After quarantining, the monkeys found a permanent home at Brookfield Zoo Chicago in Illinois as part of the Association of Zoos & Aquariums Wildlife Confiscations Network, prosecutors said.
Brookfield Zoo Chicago said in its news release that the animals first arrived to the U.S. “malnourished and traumatized."
Wildlife experts in Texas and California have since been rehabilitated the monkeys and they recovered well before being sent to Brookfield Zoo Chicago in Illinois. While zoo visitors can’t see them yet, guests will be able to see them this summer, when the zoo opens its new primate exhibit, Tropical Forests.
Mexican spider monkeys are an endangered, protected species, according to Brookfield Zoo Chicago.
Spider monkeys were taken from multiple mothers who were likely hurt in the process, prosecutors say
Wildlife experts in California conducted genetic tests and proved that the three Mexican spider monkeys all had different mothers. Their exams also found that the monkeys were 6 to 8 weeks old when they were brought to the U.S, per court documents.
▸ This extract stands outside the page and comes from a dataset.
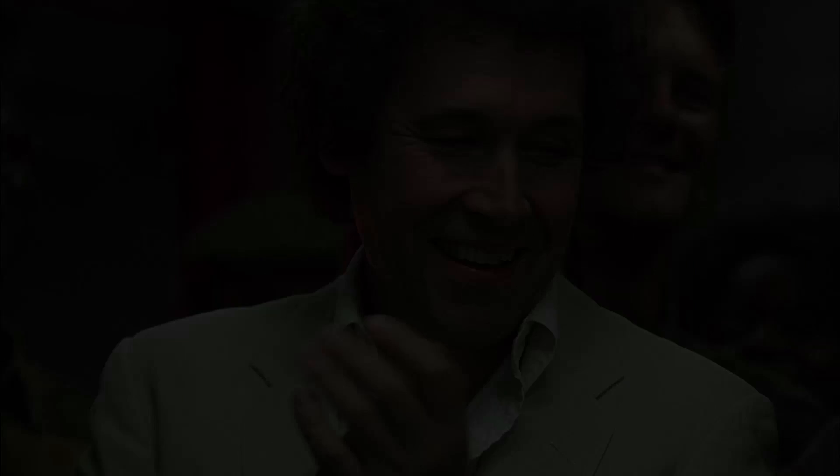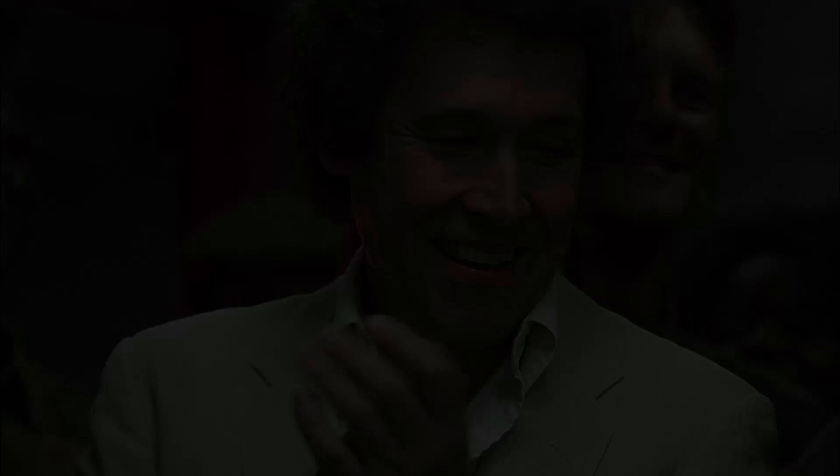Stephen Rea, Sarah Polley, Jean Smart, and Gina Gershon.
The monkeys nurse throughout the first year of their lives, prosecutors said in a news release. Typically, they are not fully independent until they reach 2 years old, and most baby Mexican spider monkeys will stay with their mothers until they are 4 years old.
U.S. Fish and Wildlife agents testified in Dafar’s case and said Mexican spider monkey mothers will not give their babies up willingly. They are part of troops, and these troops of spider monkeys defend mothers and their babies from threats, prosecutors said, quoting wildlife officials.
To pry the babies away from their mothers, poachers often kill or incapacitate the mothers and their troops, prosecutors said in the release.
According to wildlife experts, over 50,000 live animals were seized or abandoned at U.S. ports of entry between 2015 and 2019, and spider monkey confiscations are rising. Traffickers often target spider monkeys because they are small, and they are viewed as “exotic pets,” Brookfield Zoo Chicago said.
The story has been updated to clarify that the monkeys were rehabilitated before they arrived to Brookfield Zoo Chicago in Illinois.